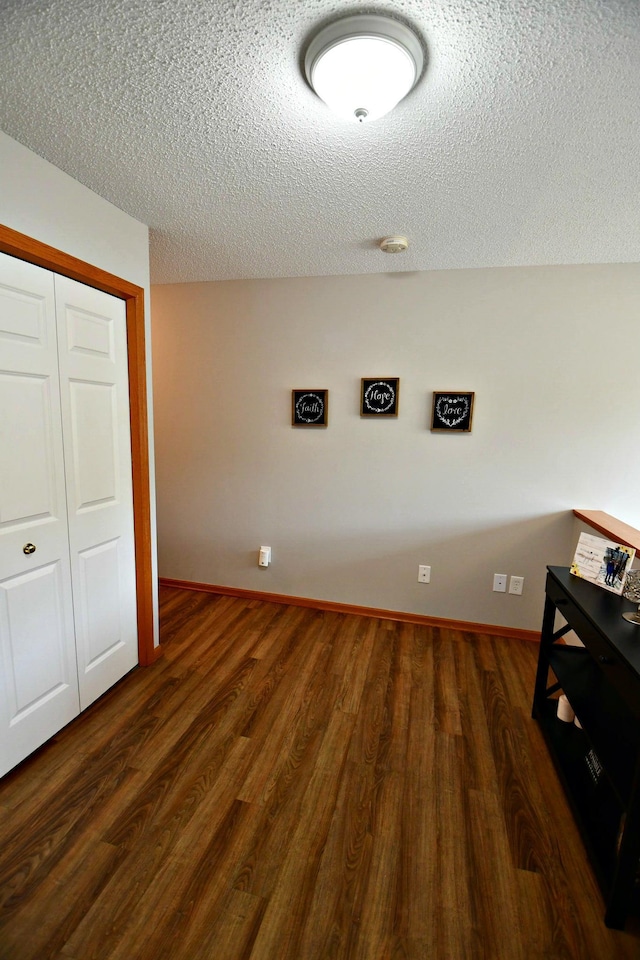 laundry room with a textured ceiling and dark hardwood / wood-style floors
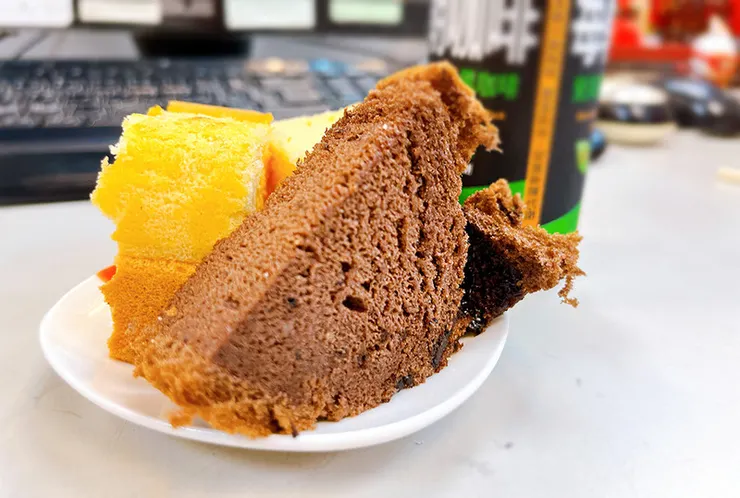 盤中切塊的初蛋糕豆漿蛋糕與巧克力蛋糕特寫，展示如海綿般蓬鬆綿密的切面質地，巧克力蛋糕內嵌豆漿夾心，呈現高含金量視覺感。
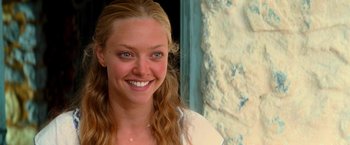 Movie still from “Mamma Mia!” (2008), directed by Phyllida Lloyd – A person with a smile on their face; Close Up shot, Over the shoulder angle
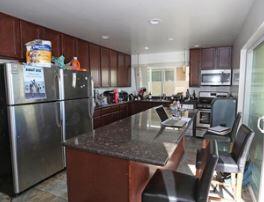 Undisclosed Address Isla Vista, CA 93117 - Photo 11 of 16 a kitchen with stainless steel appliances granite countertop a refrigerator a stove a sink a dining table and chairs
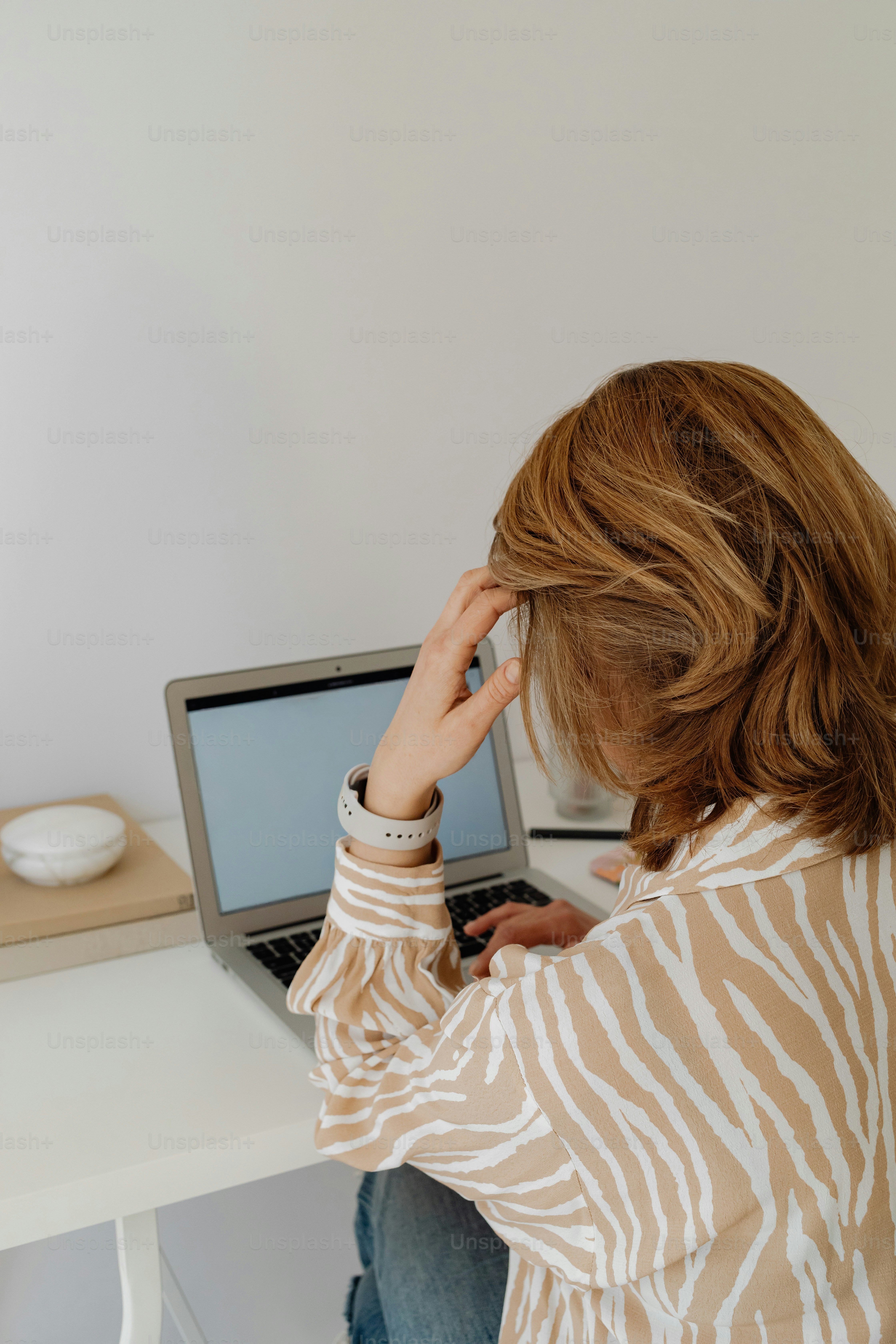 Wanita bekerja di laptop dengan tangan di rambut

» Task instructions:
Output only the lines from the line that contains "盤中切塊的初蛋糕豆漿蛋糕與巧" through the end of the material, both ends included, and skip every picture.

» Worked solution:
 盤中切塊的初蛋糕豆漿蛋糕與巧克力蛋糕特寫，展示如海綿般蓬鬆綿密的切面質地，巧克力蛋糕內嵌豆漿夾心，呈現高含金量視覺感。
 Movie still from “Mamma Mia!” (2008), directed by Phyllida Lloyd – A person with a smile on their face; Close Up shot, Over the shoulder angle
 Undisclosed Address Isla Vista, CA 93117 - Photo 11 of 16 a kitchen with stainless steel appliances granite countertop a refrigerator a stove a sink a dining table and chairs
 Wanita bekerja di laptop dengan tangan di rambut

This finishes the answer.